Task directions: Copy out every line of the material below, character for character, apart from the pictures.

Dataset extract:
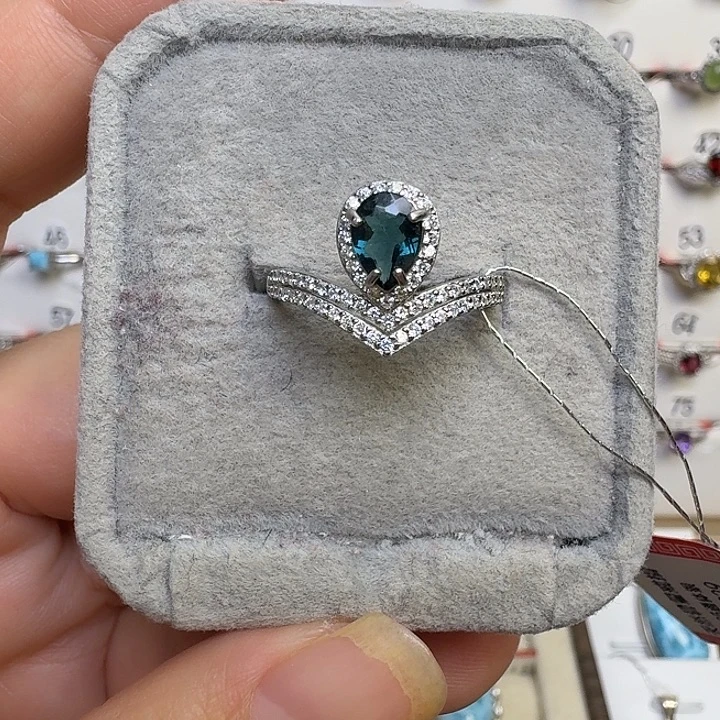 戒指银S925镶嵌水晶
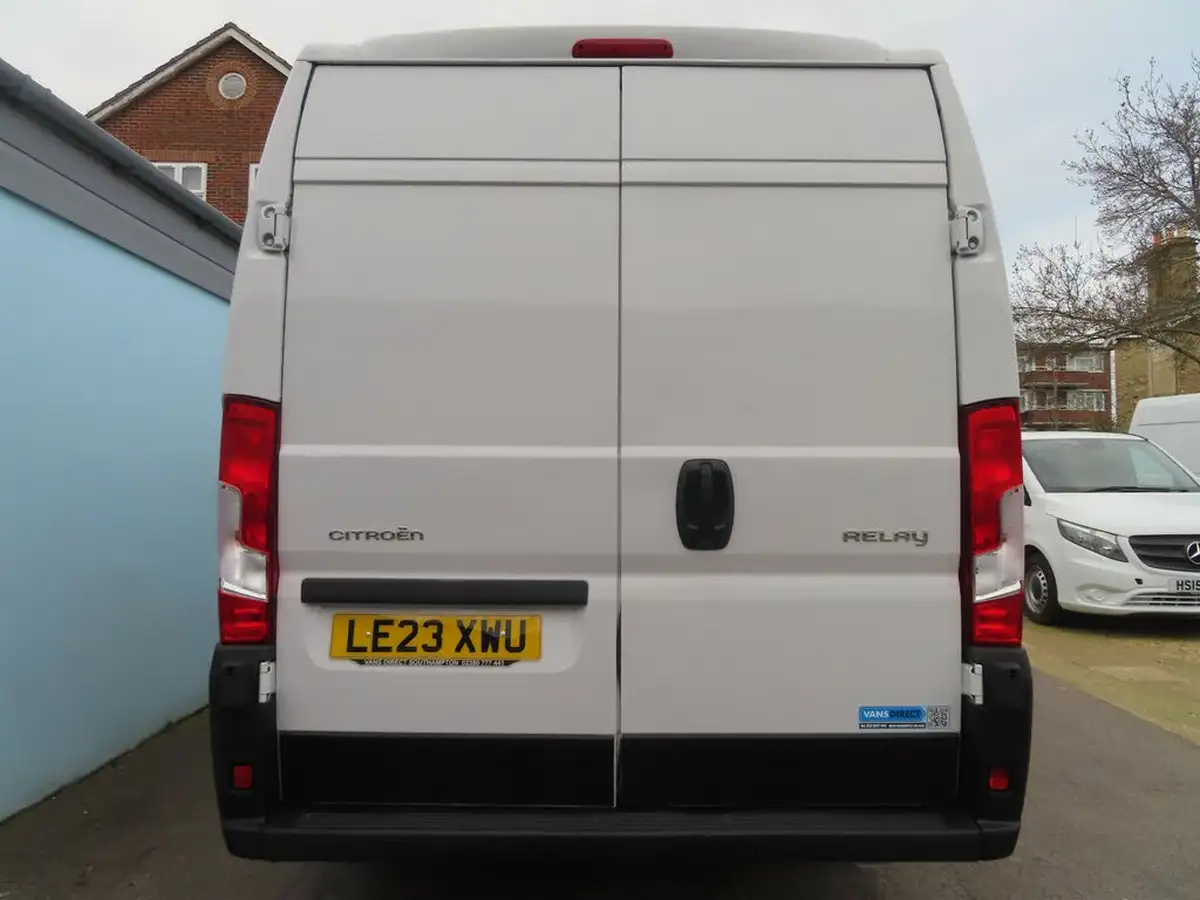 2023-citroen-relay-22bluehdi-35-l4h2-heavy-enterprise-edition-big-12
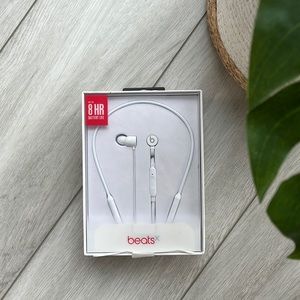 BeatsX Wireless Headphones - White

Task answer:
 戒指银S925镶嵌水晶
 2023-citroen-relay-22bluehdi-35-l4h2-heavy-enterprise-edition-big-12
 BeatsX Wireless Headphones - White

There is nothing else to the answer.